There are well over 15,000 registered mutual funds in the marketplace today and thousands more products in the collective investment trust and separate account environments.  While having earned my CFA designation, I fancy myself an above-average investment analyst, but no client should rely only on my unique perspective in making recommendations about investment structure and performance.  The Investment Committee at our firm is staffed by two investment analysts without client facing responsibilities.  They meet with investment management firms, ask difficult questions, analyze performance and attribution information, and develop firm narratives about the products our clients are either using or considering.  The investment analysts then bring those positions to the full-committee and make a case as to why the firm should recommend, replace, or watch-list investment products.  The committee probes the analysts on their recommendations, and the committee as a whole votes on the recommendations the firm will make.  Additional investment sub-committees review pension and 3(38) portfolios where the firm has discretion and does similar work, including the development of asset allocation strategies.

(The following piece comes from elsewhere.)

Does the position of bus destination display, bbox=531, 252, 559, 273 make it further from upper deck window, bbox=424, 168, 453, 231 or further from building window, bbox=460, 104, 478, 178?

The committee demonstrates the prudence, shared work, and accountability benefits above, but it also plays a significant role in maintaining our independence.  Investment managers spend significantly on staffing talented wholesalers with the responsibility  to communicate the merits of investment products managed by their firm.  Wholesalers can be critically valuable in helping us better understand the workings of an investment strategy, but another material responsibility of most wholesalers is to develop rapport with the investment consultants and firms they service.  Clearly in building rapport, investment management firms hope that they’ll be thought of first when new investment products are needed and perhaps, they’ll be given more latitude when the attributes of products we already use have deteriorated.

It’s human nature for me to prefer to buy my coffee from the local shop where they treat me well and ask about my family.  I routinely pay $0.50 a cup more to go there despite the fact that their coffee is no better than the Starbucks on the corner.  Those same personality and relationship pressures are exerted by investment managers and the wholesalers that represent them. 

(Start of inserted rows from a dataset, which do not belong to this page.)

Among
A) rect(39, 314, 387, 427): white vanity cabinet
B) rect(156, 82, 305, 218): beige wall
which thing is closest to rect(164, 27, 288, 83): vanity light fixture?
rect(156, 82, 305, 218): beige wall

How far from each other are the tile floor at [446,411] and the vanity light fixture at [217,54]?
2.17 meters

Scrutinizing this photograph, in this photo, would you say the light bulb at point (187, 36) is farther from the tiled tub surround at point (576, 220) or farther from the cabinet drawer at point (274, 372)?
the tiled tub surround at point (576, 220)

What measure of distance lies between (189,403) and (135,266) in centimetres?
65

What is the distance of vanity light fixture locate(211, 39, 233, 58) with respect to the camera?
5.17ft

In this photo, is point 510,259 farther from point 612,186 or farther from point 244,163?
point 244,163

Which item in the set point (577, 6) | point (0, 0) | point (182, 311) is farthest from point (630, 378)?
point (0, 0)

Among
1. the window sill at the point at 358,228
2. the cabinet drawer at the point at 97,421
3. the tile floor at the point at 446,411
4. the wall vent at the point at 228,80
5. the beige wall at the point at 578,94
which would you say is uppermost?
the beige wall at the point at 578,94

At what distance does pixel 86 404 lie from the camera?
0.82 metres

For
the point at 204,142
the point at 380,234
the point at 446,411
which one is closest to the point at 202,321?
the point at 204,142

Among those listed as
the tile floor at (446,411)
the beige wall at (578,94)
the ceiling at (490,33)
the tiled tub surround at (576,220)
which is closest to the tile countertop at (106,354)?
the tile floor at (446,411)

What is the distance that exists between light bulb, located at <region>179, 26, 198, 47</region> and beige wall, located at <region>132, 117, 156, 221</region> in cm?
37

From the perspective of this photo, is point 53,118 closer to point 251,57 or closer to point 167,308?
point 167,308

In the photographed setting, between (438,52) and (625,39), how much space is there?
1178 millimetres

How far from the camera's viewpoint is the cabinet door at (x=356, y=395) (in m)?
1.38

Most materially, we seek to reduce biases by accepting no gifts, travel, meals or other direct or indirect compensation from investment managers.  We go further by not using the tools they offer to provide.  Investment managers routinely purchase technology licenses allowing them to run sophisticated reports that can then be used by the consultants they work with.  Smaller firms routinely use these tools rather than developing their own tools or licensing directly from the distributor to reduce expense.  However, the reduction of expense to the investment consulting firm is made at the expense of their independence.  An investment management firm that has developed a target date analysis tool which can be used by their consultants, is clearly making available a tool that would be favorable to the investment product they manage.

Last, by having wholesalers meet with analysts rather than the client facing consultants, we seek to eliminate the role of wholesaler personality that can play in product recommendation and utilization.  Wholesalers meet with analysts, analysts must make the business case to the investment committee about product recommendations, and when product recommendations are made, those are implemented universally, not selectively from consultant to consultant.

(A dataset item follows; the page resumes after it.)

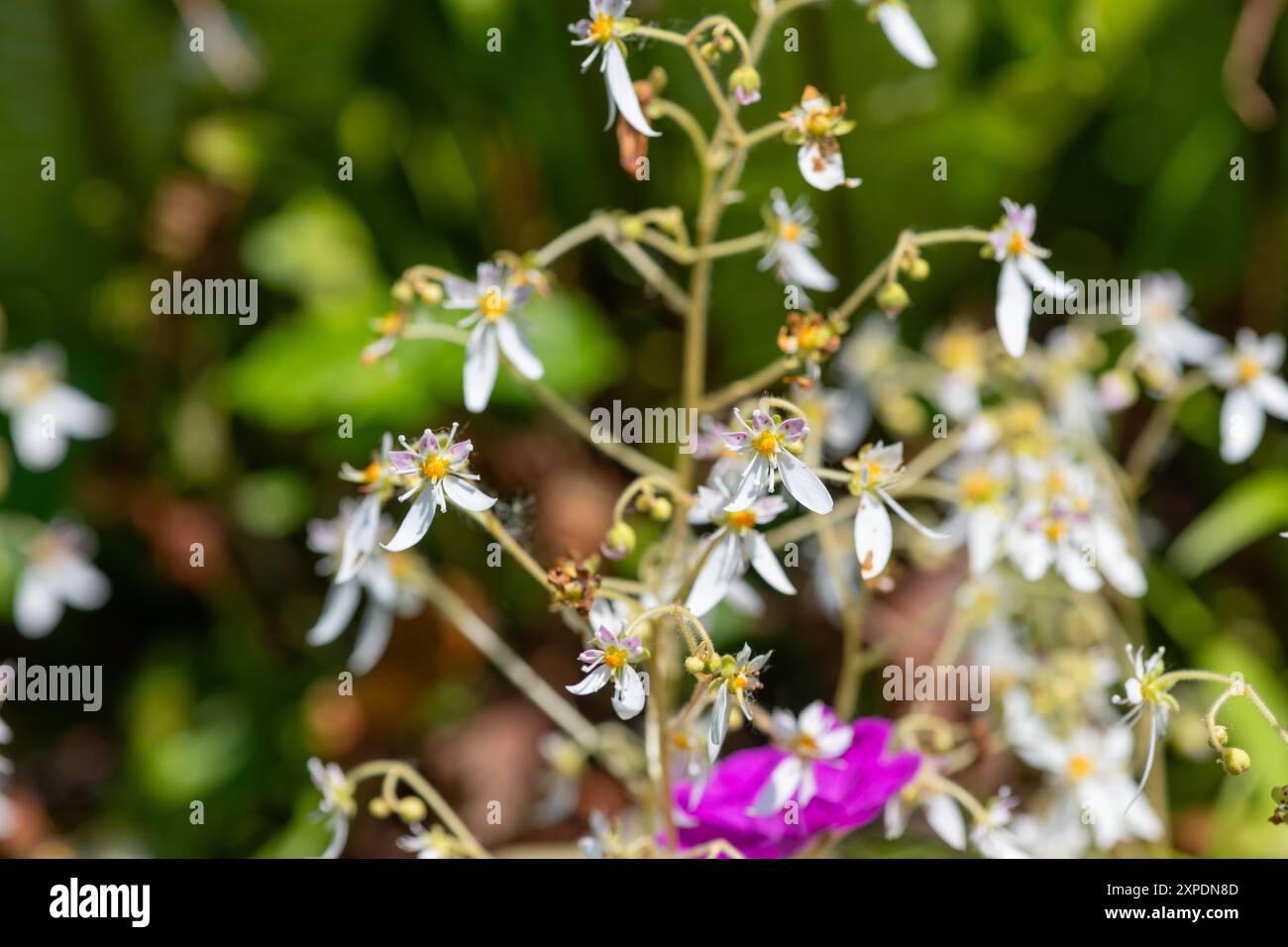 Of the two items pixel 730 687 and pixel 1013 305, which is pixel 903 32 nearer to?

Having worked in this industry my entire career, I’ve met wholesalers that I like, but who represent products that don’t meet the rigorous criteria established by our committee.  I also know a number of wholesalers that rub me the wrong way, but who represent investment products used by my clients for over a decade.

Conflicts aren’t always as clear as a quid-pro-quo.  Behavioral finance has explored the countless other more subtle mechanisms that may impact the independence of the advice you receive.